Classify your employees correctly. Are your workers full-time employees, contractors, or something else? In the UK, for example, a separate category exists between employees and self-employed contractors. Knowing the difference is essential to good international hiring.
Determine what kind of tools and expertise you need. What kind of international payroll software will you use? Do you need to hire new people to manage our increased HR load, or can an employer of record ease that burden for you?
Stay compliant with local laws. Hiring internationally means complying with a host of new labor laws. You will need a team of legal experts to help you navigate all the rules.
Set your budget. Opening an entity takes a long time and can be extremely expensive, depending on the country. Working with an EOR is usually the best option to hire full-time employees quickly and compliantly, but you may want to open an entity eventually if your team in another country is large enough (25+ people). Paying people as contractors is the cheapest option, but incorrectly classifying employees as contractors could land your company in serious trouble.
That’s the short version. In the rest of this guide, we help you understand all your global employment challenges and provide simple, helpful solutions so you can grow your team abroad with confidence.
If you’re interested in learning more about the ins and outs of international payroll, here are a few resources we recommend:
Global Payroll Management Guide — Everything to know about managing global payroll efficiently.
When should you use an employer of record? — Learn how EORs operate and how to compare multiple options.

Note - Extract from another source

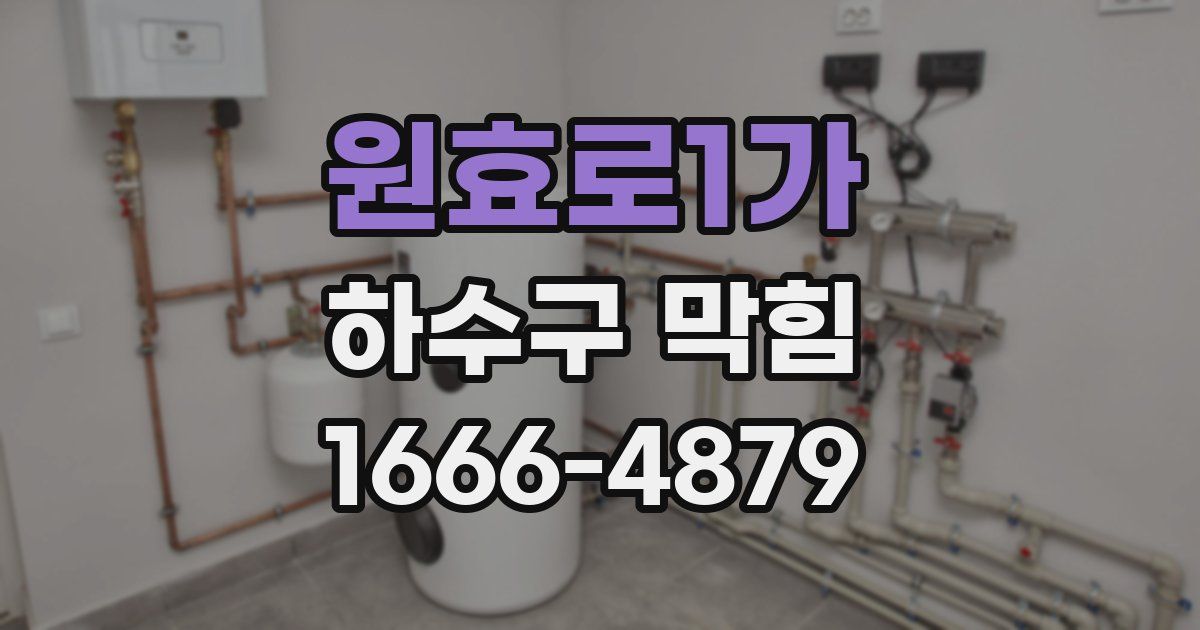 원효로1가 하수구 막힘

What does an employer of record do? — Discover the basics of which services EORs provide
Owned-entity versus partner-dependent global employment — Some EORs own their own local entities, like Remote, while others outsource their services to third parties, creating compliance risks and increasing costs.
How to pay international contractors: Expert guide — The definitive guide to paying contractors in other countries.

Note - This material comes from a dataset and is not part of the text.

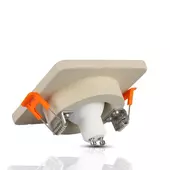 Kép 2/6 - V-TAC GU10 LED spotlámpa keret, törtfehér+rózsaarany fix lámpatest - SKU 3121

Let’s take a look at how you can pay international employees, starting with setting up your own local legal entity.
Setting up a local legal entity may be the best option if you plan to hire at least 25 employees within the country and are willing to spend the money and time to own the infrastructure yourself.
Every country has its own rules, so there are a number of issues you’ll have to address, including legal requirements and government processes. Factors may include information on shareholders’ minimum requirements, minimum share capital, business licensing, bank accounts, taxes, and employment regulations.
There are three main types of local entities which you can create: representative office, branch office, or foreign subsidiary. Each comes with benefits and limitations.
A representative office is quicker and easier to set up, but it doesn’t let you employ people who will be responsible for generating revenue, like sales, management, software engineers, etc. A branch office is more flexible than the former; however, it’s also much more costly and takes longer to create. While a foreign subsidiary gives you the right to benefit from local tax rebates, running one is not only very expensive but also takes a lot of time. The option you select should support your global expansion strategy.
Depending on the type of local entity you choose, there will be several additional steps to follow financially, including:
Finding and registering an office
Gathering all relevant documentation
Recruiting a local manager or director
Setting up local bank and tax accounts
Creating a payroll system
Registering with local tax authorities
Hiring and onboarding local personnel
What this process will look like exactly will depend on the country where you’re establishing your local entity and its legal requirements. Expenses will also vary; however, you will always have to cover certain universal costs, including registration fees, initial capital, legal consultation, and documents.
An employer of record (EOR) is a service that helps companies hire people in other countries. EORs take care of all the day-to-day HR work, like managing payroll, paying taxes and social contributions, and managing benefits, all the way through to ensuring your company’s compliance with local law.
Partnering up with an employer of record is the most time- and cost-effective option for global employment. Working with an EOR lets you avoid setting up a local legal entity in each country where you want to hire while insulating your business from any potential compliance risks. The EOR employs the worker on your behalf and signs a service agreement with your business to transfer ownership of all intellectual property.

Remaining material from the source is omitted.